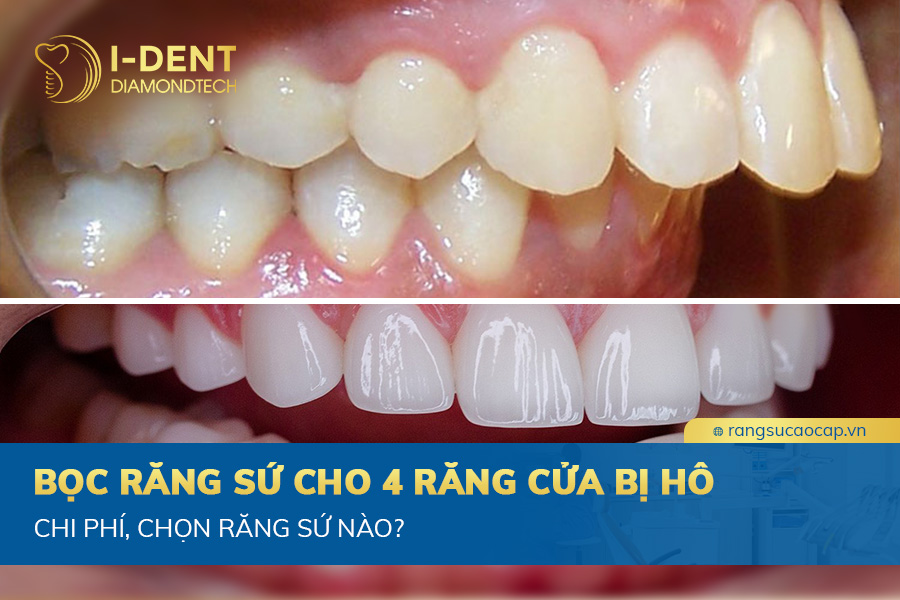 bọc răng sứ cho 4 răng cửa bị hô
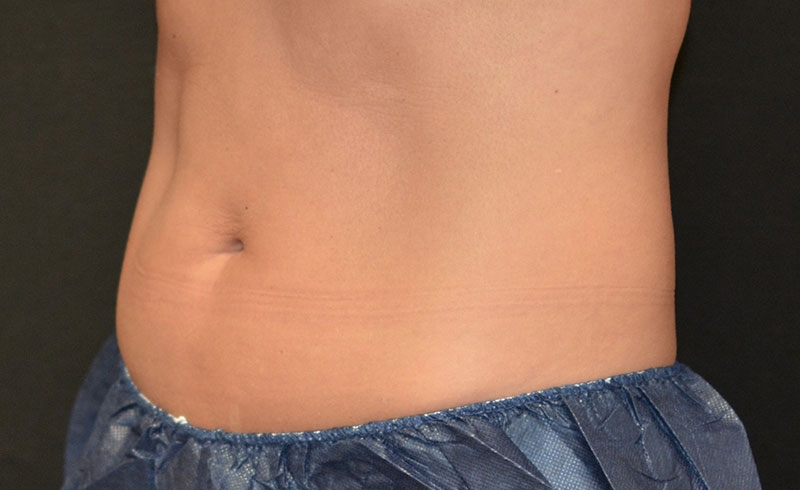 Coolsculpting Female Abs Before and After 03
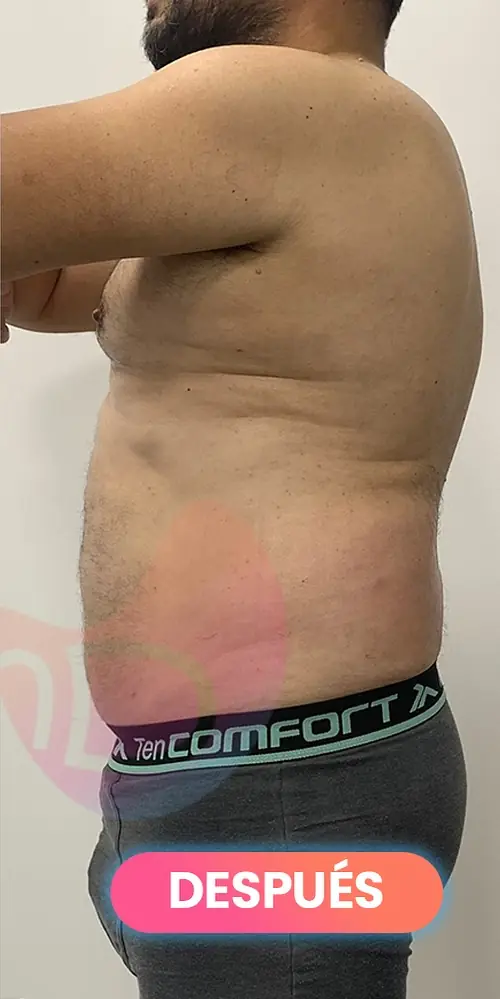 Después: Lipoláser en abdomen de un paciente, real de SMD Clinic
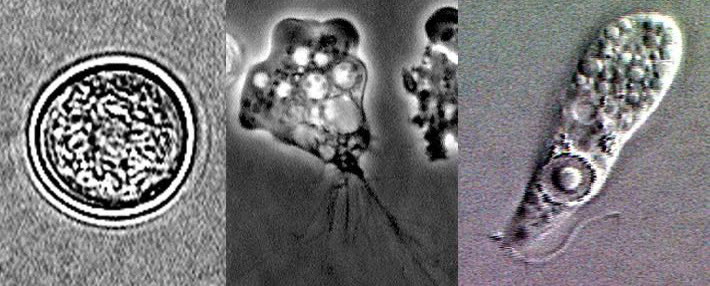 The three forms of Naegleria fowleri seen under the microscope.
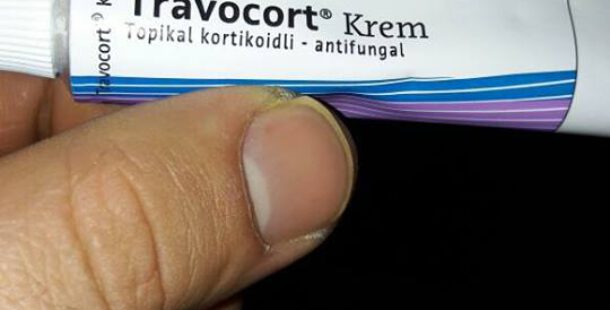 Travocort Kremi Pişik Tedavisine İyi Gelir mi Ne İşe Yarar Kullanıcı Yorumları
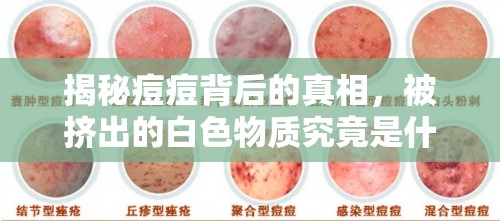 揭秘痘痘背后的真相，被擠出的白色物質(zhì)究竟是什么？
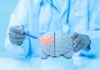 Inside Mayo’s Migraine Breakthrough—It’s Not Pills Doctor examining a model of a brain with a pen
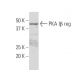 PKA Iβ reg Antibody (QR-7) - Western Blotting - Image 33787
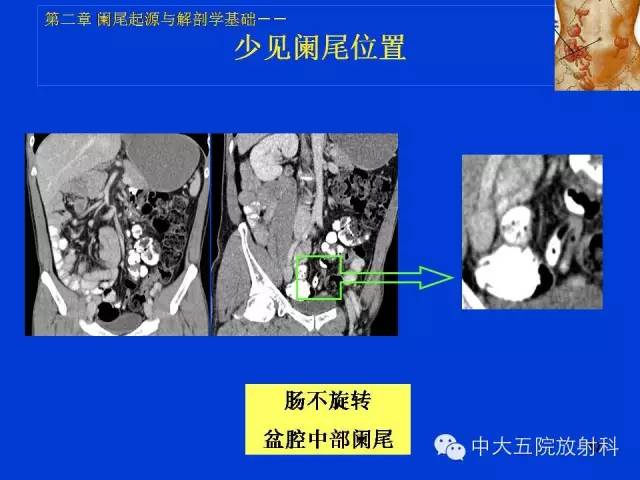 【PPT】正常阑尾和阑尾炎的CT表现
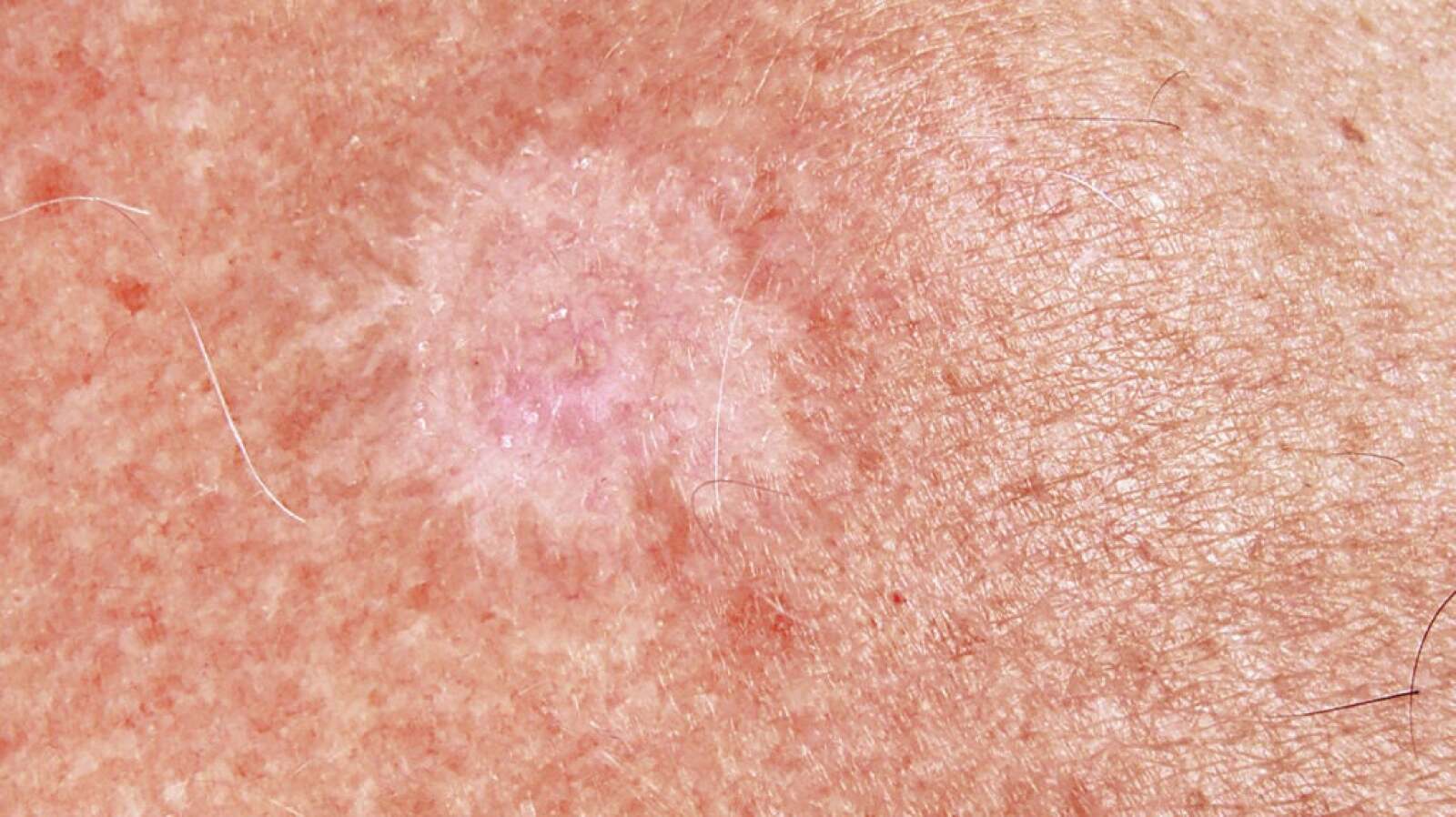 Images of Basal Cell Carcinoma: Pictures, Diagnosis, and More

==*==

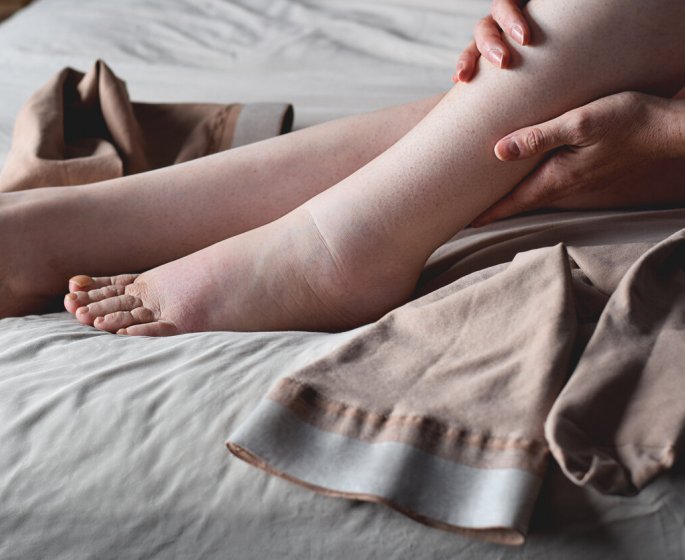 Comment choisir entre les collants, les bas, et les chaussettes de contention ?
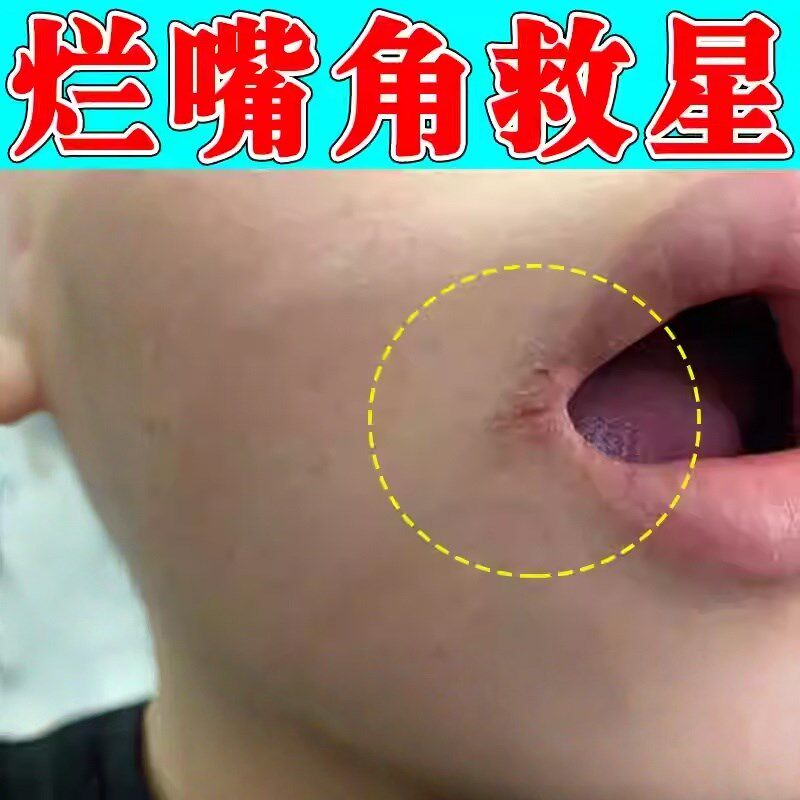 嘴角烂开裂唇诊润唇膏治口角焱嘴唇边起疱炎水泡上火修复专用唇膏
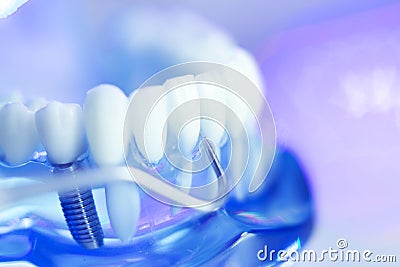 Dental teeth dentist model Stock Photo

==*==

# YOUR INSTRUCTIONS
Within the listing above, the lines starting at the one containing "Después: Lipoláser en" and ending at the one containing "揭秘痘痘背后的真相，被擠出的白色物質(zhì)究竟是什么？" are to be returned exactly. Omit the pictures.

# OUTPUT OF THE EXERCISE
 Después: Lipoláser en abdomen de un paciente, real de SMD Clinic
 The three forms of Naegleria fowleri seen under the microscope.
 Travocort Kremi Pişik Tedavisine İyi Gelir mi Ne İşe Yarar Kullanıcı Yorumları
 揭秘痘痘背后的真相，被擠出的白色物質(zhì)究竟是什么？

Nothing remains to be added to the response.